By default, Ruby 1.9 uses US_ASCII encoding everywhere while Ruby since 2.0 uses UTF-8 by default.
Generally, you only have to change anything if you are running Ruby 1.9. If your editor saves UTF-8 files and you are running Ruby >= 2.0, everything will be fine by default.
Still, in all Ruby versions since 1.9, you can change the encoding used. There are three different default encodings you can set (which all use the respective Ruby's default encoding by default, i.e.m US_ASCII
on 1.9, UTF-8
on Ruby 2.0 and newer):
- internal encoding: The default encoding all strings are converted to. This is the encoding that strings are saved internally.

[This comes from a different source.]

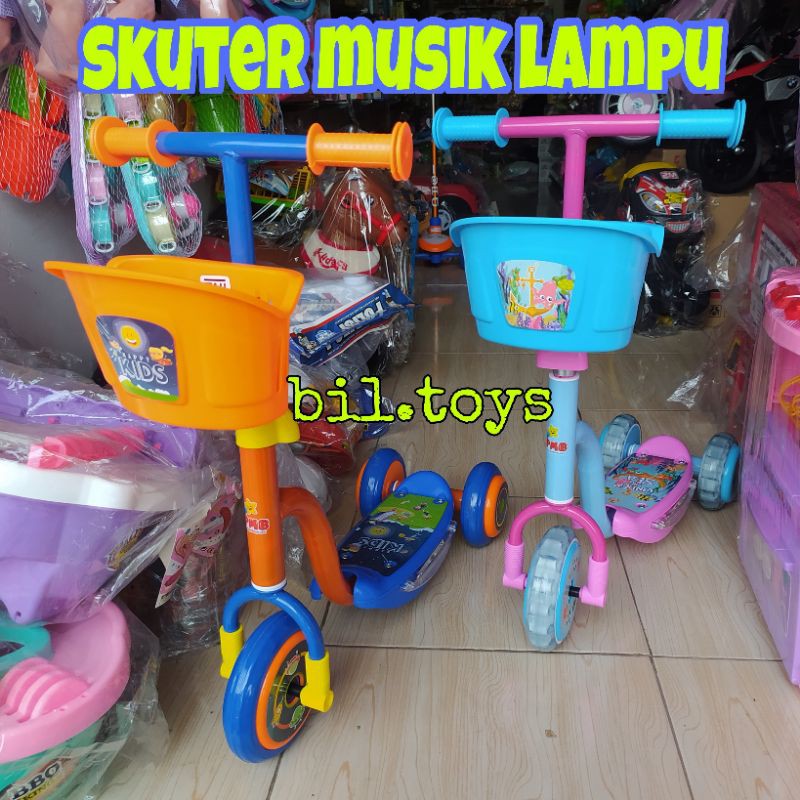 SCOOTER ANAK, OTOPED / OTOPET MAINAN SKUTER LAMPU DAN LAGU ANAK RODA 3 SKUTER MUSIK S-01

- external encoding: When reading files, assume them to be in that encoding.
- source encoding: Assume the ruby source code to be written in this encoding
The former two encodings can be set like this
Encoding.default_internal = 'UTF-8'
Encoding.default_external = 'UTF-8'
They are then used during all operations in the current Ruby processes lifetime.
The source encoding can be set using a "magic comment" on the first line of your ruby file (or below the shebang) like so
# encoding: UTF-8
or by starting your script using ruby -KU
which also sets the default encoding to UTF-8. You can also set this in your shebang. In your specific case, you have to at least set the source encoding using one of the provided mechanisms.
See http://graysoftinc.com/character-encodings and especially http://graysoftinc.com/character-encodings/ruby-19s-three-default-encodings for some more information and background on String encodings in Ruby 1.9.